Ahitlerini yerine getirmeyi bekleyen tevhid okuyucuları için bir haykırış ve hatırlatmadır.

Kâfirlerin sahabe hayatını tahrif edilmiş, kendi inançlarına uygun hale getirerek yaptığı dizi, çizgi film gibi animasyonları izleyen tevhid ehlinin, saptırılmış gerçekleri görmesi için bir fırsattır.

Hakla batılın birbirine karıştığı bu engebeli dönemde tevhid bayrağını tökezlemeden kıyamete kadar taşımayı hedefleyen şehadet sevdalıları için bir tecrübedir.

Vakit öldüren, istifade edilmeyen roman gibi kitapları okuyup, konuşulması yerine, hem kendi yaşantısını yeşertmek, hem de ileriki nesilleri ihya etmek isteyen tevhid ehlinin okuyup paylaşabileceği ahsenül (Kıssaların en güzeli) kıssadır.

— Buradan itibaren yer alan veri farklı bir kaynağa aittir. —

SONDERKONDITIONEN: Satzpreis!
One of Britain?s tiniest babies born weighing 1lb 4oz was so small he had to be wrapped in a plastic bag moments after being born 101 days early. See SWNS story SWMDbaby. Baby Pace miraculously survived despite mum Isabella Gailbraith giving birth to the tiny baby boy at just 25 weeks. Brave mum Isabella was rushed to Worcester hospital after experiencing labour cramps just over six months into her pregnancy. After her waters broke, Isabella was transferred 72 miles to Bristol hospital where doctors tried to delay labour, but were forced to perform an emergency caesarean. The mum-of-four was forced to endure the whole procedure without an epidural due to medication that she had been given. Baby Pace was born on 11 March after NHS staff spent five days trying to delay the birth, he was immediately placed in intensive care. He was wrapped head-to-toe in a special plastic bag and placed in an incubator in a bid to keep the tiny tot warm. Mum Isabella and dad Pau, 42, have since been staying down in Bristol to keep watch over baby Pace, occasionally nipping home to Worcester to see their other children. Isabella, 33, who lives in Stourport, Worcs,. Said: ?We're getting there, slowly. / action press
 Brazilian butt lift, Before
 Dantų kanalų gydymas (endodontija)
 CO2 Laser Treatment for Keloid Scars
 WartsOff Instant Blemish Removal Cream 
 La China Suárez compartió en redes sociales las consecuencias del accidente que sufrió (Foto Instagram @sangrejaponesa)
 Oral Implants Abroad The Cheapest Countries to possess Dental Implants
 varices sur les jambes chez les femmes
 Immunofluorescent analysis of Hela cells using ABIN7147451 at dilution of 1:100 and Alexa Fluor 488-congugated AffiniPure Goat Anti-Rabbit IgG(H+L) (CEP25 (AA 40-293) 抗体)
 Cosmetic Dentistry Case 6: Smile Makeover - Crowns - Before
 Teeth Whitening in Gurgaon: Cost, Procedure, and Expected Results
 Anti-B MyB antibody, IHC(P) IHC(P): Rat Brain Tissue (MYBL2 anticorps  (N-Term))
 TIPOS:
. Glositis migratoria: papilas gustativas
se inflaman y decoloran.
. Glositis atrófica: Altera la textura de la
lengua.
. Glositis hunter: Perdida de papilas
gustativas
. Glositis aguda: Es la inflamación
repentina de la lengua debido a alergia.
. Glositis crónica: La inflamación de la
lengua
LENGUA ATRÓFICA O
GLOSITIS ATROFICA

Müslümanlara yapılan baskılarda, karalamalarda, başlarına gelen bela ve musibetlerde sabra, salih amellere yönlendirmek için tevhid ehlinin yapabileceği en güzel nasihattir.

Evet, kardeşim Peygamberin dizinin dibinde vahiyle yetişmiş olan sahabenin vasıflarını, faziletlerini ve bize olan faydalarını bir kerede yazmakla, okumakla bitirebileceğimiz bir şey değildir. Kur’an ile amel edenlerin vasıflarını bitirmek mümkün mü ki… İleriki sayılarımızda sahabeleri ve vasıflarını tek tek ele alıp çıkardığımız, hayatımıza rehberlik yapacak notlarımızı sizlerle paylaşmaya çalışacağız.

Rabbim bizlere hakkı güzelliği içinde anlatmayı, fehmetmeyi ve amel etmeyi nasip ve mukadder eylesin. Bir sonraki sayımızda buluşma dileğiyle.

Davamızın sonu, Alemlerin Rabbine hamd etmektir.